1. Transactions#
1.1. Overview#
While commands in quasardb are already atomic, transactions allow you to run several API commands as an atomic group. Either all commands in a transaction succeed or no commands succeed.
Transactions have been designed to be fast, scalable, while delivering excellent reliability. They are based on Multi-Version Concurrency Control (MVCC) and Two-Phase Commit protocol (2PC). During the design phase, we’ve done our best to reach the best balance between performance and reliability. While 2PC has some limitations which can lead to dirty reads, it was decided that using more complex protocols to address those limitations was not worth the huge performance cost.
Transactions are available since quasardb 2.0.0.
1.2. Characteristics#
Transactions in quasardb are snapshot based and provide repeatable reads. They can operate on an arbitrary number of entries provided they run within the configured maximum transaction time.
If two transactions attempt to write to the same entry, the first transaction to operate on the entry wins and the other transaction is canceled.
When a transaction writes to an entry, other transactions may access the previous value of the entry.
If a commit fails, uncommitted data is rolled back after a configurable time has elapsed.
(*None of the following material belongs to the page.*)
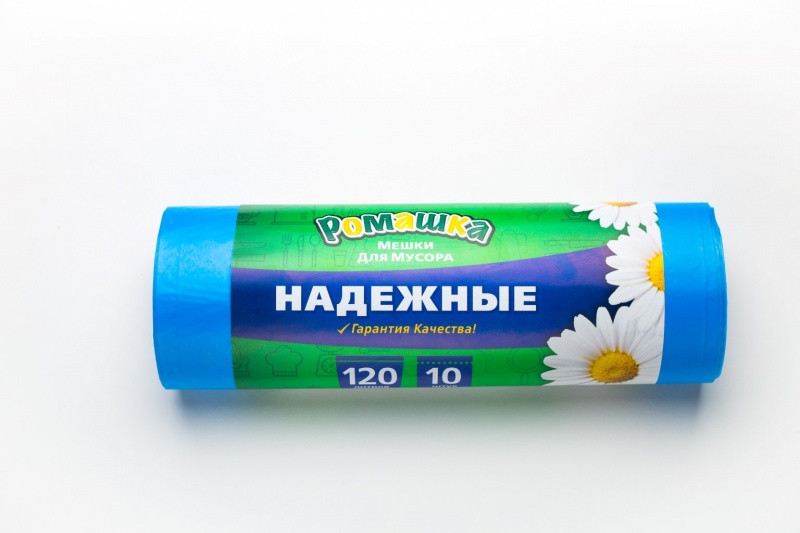Мусорные мешки в рулоне с ушками 120 л. 10 шт. "НАДЕЖНЫЕ" (СИНИЙ , ПСД, 16мкм)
Committed committed data is rolled back to a previous version if possible.
During partial commit failures, dirty reads may happen.
1.3. Design#
1.3.1. Unique Transaction Identifier#
Every time a client creates a new transaction, the quasardb cluster provides the client with a unique transaction ID. This ID is generated from node IDs, which must be unique in the cluster, and a high resolution timestamp.
Relying on the cluster to generate timestamps ensures that offset client clocks cannot tamper with the order of the entries. However, all nodes must be synchronized to prevent a large spread between timestamps. This can be done with NTP, but preferably with PTP.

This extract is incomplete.